═══ Source records

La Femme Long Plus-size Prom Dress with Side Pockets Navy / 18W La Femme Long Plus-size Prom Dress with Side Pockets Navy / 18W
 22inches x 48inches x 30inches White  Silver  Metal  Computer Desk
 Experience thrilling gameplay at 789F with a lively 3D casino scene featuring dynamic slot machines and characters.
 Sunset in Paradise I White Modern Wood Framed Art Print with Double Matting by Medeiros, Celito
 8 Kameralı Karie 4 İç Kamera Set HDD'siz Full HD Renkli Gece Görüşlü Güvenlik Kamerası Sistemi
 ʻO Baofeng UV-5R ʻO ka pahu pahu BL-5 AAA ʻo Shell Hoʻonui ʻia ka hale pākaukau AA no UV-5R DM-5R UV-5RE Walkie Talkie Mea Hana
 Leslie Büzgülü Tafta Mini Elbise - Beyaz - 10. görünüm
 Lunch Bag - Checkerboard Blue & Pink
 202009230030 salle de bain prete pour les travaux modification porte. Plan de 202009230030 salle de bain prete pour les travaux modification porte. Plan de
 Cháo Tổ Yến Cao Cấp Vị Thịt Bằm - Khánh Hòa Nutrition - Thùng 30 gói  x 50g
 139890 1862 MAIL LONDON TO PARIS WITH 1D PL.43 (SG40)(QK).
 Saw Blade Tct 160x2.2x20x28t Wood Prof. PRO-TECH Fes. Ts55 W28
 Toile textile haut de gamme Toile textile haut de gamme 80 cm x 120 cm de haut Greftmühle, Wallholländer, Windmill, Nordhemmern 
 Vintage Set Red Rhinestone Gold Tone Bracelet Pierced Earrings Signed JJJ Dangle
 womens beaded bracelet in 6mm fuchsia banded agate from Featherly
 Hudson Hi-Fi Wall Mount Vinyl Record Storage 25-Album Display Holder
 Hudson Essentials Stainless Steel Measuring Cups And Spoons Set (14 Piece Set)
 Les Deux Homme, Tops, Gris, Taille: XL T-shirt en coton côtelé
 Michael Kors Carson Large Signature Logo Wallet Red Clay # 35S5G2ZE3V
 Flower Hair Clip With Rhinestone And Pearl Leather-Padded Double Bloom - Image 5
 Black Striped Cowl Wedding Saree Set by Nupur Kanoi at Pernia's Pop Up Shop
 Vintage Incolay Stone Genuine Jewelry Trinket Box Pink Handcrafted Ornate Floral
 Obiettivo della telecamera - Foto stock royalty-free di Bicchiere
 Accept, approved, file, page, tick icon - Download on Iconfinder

══════

Exercise details
Working down from the line that contains "ʻO Baofeng UV-5R", retype each line exactly through the last line of the data, and give nothing else.

Written solution
 ʻO Baofeng UV-5R ʻO ka pahu pahu BL-5 AAA ʻo Shell Hoʻonui ʻia ka hale pākaukau AA no UV-5R DM-5R UV-5RE Walkie Talkie Mea Hana
 Leslie Büzgülü Tafta Mini Elbise - Beyaz - 10. görünüm
 Lunch Bag - Checkerboard Blue & Pink
 202009230030 salle de bain prete pour les travaux modification porte. Plan de 202009230030 salle de bain prete pour les travaux modification porte. Plan de
 Cháo Tổ Yến Cao Cấp Vị Thịt Bằm - Khánh Hòa Nutrition - Thùng 30 gói  x 50g
 139890 1862 MAIL LONDON TO PARIS WITH 1D PL.43 (SG40)(QK).
 Saw Blade Tct 160x2.2x20x28t Wood Prof. PRO-TECH Fes. Ts55 W28
 Toile textile haut de gamme Toile textile haut de gamme 80 cm x 120 cm de haut Greftmühle, Wallholländer, Windmill, Nordhemmern 
 Vintage Set Red Rhinestone Gold Tone Bracelet Pierced Earrings Signed JJJ Dangle
 womens beaded bracelet in 6mm fuchsia banded agate from Featherly
 Hudson Hi-Fi Wall Mount Vinyl Record Storage 25-Album Display Holder
 Hudson Essentials Stainless Steel Measuring Cups And Spoons Set (14 Piece Set)
 Les Deux Homme, Tops, Gris, Taille: XL T-shirt en coton côtelé
 Michael Kors Carson Large Signature Logo Wallet Red Clay # 35S5G2ZE3V
 Flower Hair Clip With Rhinestone And Pearl Leather-Padded Double Bloom - Image 5
 Black Striped Cowl Wedding Saree Set by Nupur Kanoi at Pernia's Pop Up Shop
 Vintage Incolay Stone Genuine Jewelry Trinket Box Pink Handcrafted Ornate Floral
 Obiettivo della telecamera - Foto stock royalty-free di Bicchiere
 Accept, approved, file, page, tick icon - Download on Iconfinder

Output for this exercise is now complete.